Census figures from 2010 to 2014 show that Minnesota lost 25,200 fine citizens to domestic migration. South Dakota actually gained 12,100 — including many Minnesotans who recognized that you can still be a Twins and Vikings fan and a connoisseur of walleye and whitetail while living west of the Big Sioux River.
South Dakotans and Minnesotans share much history and culture. We've both suffered from unmannerly politicians who engaged in stupid border wars, usually over fairly idiotic economic development issues. Those were embarrassments we had to share and endure together, maybe like a couple with a prankster child who tags the church with graffiti.
We share lutefisk and Chad Greenway (born in Mount Vernon, S.D.), sadness that can still be traced to the 1862 Dakota War, Hubert Humphrey (raised in Doland, S.D.) and a thousand other things, most of them good.

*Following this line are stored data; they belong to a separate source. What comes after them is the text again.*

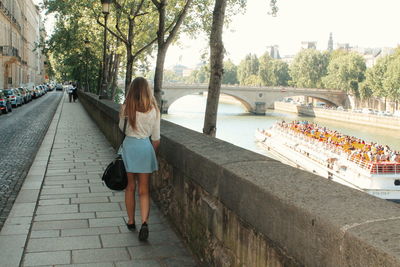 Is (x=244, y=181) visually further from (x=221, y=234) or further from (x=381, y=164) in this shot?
(x=381, y=164)

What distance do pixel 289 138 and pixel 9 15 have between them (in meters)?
28.7

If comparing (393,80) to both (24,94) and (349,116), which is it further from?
(24,94)

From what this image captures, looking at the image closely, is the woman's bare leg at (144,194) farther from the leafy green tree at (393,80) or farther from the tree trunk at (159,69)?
the leafy green tree at (393,80)

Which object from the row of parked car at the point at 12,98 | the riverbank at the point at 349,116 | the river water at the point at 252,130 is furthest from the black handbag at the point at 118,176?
the riverbank at the point at 349,116

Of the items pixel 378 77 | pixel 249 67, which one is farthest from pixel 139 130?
pixel 249 67

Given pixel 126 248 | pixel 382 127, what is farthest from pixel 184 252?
pixel 382 127

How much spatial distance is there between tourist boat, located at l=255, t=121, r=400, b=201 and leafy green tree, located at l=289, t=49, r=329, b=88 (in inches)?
2290

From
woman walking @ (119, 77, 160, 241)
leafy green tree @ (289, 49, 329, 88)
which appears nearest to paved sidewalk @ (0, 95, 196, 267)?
woman walking @ (119, 77, 160, 241)

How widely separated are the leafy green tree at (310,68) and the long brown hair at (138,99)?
4136 inches

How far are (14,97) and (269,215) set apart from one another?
35196mm

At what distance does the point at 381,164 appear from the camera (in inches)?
1182

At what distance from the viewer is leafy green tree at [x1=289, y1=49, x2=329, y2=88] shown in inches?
4232

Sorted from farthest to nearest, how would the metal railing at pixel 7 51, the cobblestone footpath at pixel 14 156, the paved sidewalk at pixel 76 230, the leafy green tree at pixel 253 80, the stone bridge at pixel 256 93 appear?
the leafy green tree at pixel 253 80, the stone bridge at pixel 256 93, the metal railing at pixel 7 51, the cobblestone footpath at pixel 14 156, the paved sidewalk at pixel 76 230

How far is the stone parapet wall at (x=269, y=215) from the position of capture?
6.53 feet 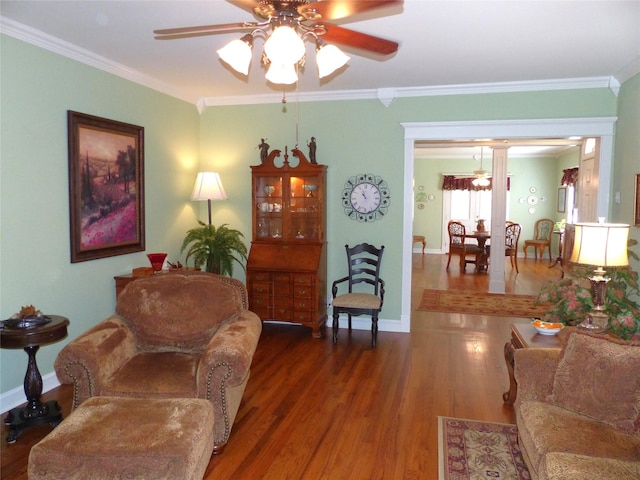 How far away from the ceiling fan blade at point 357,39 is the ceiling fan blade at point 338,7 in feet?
0.53

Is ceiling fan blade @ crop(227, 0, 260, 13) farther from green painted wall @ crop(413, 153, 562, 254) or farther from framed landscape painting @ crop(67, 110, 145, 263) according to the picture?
green painted wall @ crop(413, 153, 562, 254)

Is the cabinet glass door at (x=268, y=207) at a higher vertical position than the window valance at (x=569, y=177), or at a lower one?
lower

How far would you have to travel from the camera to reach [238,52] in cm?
223

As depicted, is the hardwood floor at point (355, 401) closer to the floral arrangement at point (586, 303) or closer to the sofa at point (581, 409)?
the sofa at point (581, 409)

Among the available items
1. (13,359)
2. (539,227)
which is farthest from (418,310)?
(539,227)

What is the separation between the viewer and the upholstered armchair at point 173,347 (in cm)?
262

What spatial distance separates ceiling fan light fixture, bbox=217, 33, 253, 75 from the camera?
2213 mm

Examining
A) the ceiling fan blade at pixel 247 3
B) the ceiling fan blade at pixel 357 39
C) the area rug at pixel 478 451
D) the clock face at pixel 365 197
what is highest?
the ceiling fan blade at pixel 247 3

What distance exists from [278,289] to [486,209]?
28.8ft

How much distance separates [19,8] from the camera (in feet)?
9.70

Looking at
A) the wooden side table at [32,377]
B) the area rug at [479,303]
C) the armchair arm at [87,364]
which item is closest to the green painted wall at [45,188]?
the wooden side table at [32,377]

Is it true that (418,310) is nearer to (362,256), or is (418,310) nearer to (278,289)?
(362,256)

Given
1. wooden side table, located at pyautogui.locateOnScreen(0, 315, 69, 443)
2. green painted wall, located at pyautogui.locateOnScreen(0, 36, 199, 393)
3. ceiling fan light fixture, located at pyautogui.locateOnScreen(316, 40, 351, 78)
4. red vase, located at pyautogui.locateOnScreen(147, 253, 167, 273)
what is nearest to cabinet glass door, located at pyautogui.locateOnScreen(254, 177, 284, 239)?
red vase, located at pyautogui.locateOnScreen(147, 253, 167, 273)

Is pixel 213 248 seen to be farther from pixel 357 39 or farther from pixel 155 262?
pixel 357 39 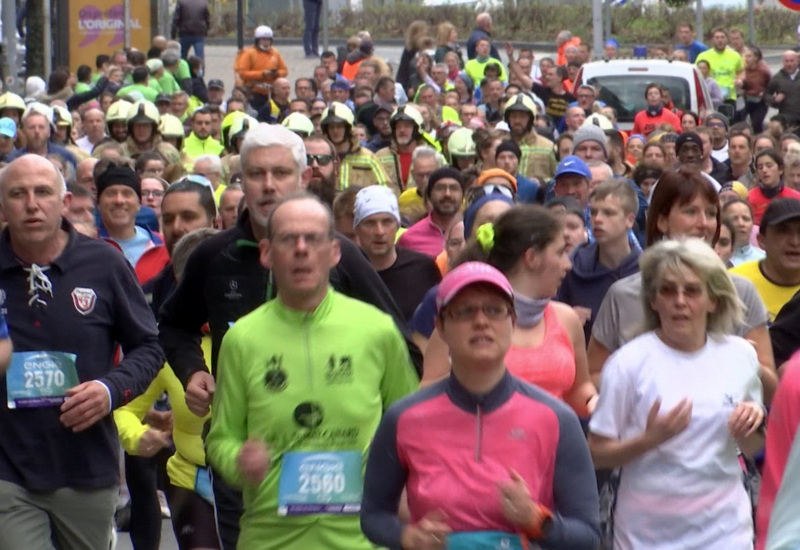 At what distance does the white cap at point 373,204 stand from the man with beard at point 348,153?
17.2ft

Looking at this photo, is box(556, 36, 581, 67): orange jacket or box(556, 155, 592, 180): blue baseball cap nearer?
box(556, 155, 592, 180): blue baseball cap

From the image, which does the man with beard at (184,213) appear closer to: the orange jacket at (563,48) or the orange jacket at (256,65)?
the orange jacket at (256,65)

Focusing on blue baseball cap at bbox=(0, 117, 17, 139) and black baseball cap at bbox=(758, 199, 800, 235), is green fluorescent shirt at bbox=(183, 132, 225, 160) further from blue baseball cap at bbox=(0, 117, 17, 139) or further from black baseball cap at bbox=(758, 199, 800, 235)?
black baseball cap at bbox=(758, 199, 800, 235)

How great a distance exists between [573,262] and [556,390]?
2199mm

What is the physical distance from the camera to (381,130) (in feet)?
63.6

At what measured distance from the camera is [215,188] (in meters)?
14.3

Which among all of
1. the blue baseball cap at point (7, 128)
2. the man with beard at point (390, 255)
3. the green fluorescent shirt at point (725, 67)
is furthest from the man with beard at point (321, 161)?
the green fluorescent shirt at point (725, 67)

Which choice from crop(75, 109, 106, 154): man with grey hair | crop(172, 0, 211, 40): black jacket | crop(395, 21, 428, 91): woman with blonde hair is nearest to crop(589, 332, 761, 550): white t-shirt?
crop(75, 109, 106, 154): man with grey hair

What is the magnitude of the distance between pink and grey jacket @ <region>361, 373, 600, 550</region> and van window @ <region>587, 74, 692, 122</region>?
19171 mm

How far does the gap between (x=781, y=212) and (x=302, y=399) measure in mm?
3214

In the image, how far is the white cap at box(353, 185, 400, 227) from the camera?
941 cm

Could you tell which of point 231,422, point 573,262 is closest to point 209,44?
point 573,262

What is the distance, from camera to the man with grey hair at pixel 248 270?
6.19 m

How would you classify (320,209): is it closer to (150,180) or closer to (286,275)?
(286,275) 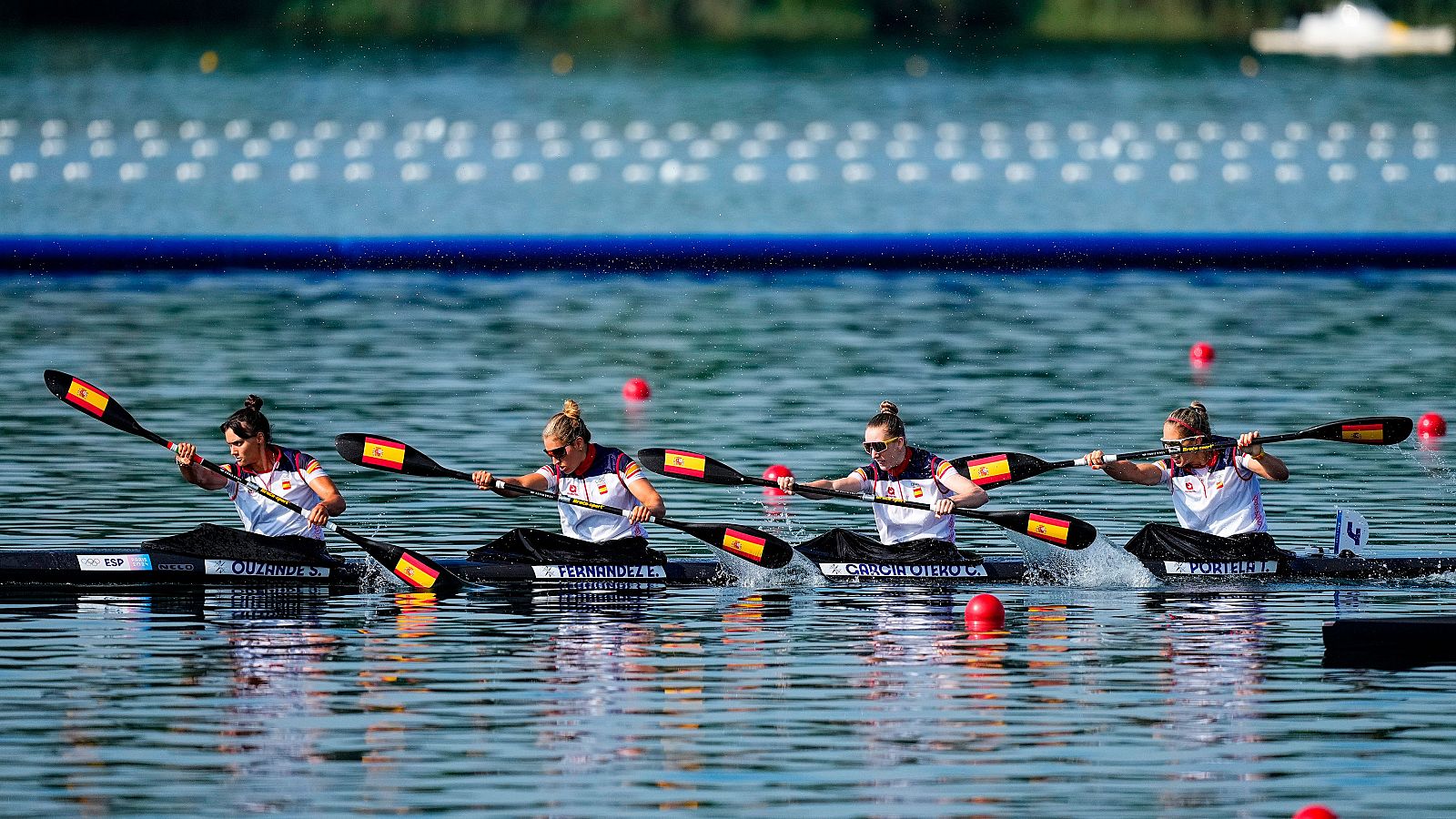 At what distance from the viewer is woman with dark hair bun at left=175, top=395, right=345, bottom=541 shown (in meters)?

We also share the Mississippi River, because it starts in South Dakota. Yes, it's true. Minnesotans are taught that the Mississippi's headwaters are in northern Minnesota, but any honest geographic study will show that the Mississippi's true source is the Minnesota River, which originates near Veblen, S.D. — north of where Paul McCartney opened his Midwest tour, by the way.
Geologist Wendell Duffield reached that conclusion after much research. "Parts of the Minnesota [River Valley] are up to four miles wide and 400 feet deep," says Duffield, while the Mississippi Valley north of the Twin Cities "is like a superficial scratch on an otherwise nearly planar surface."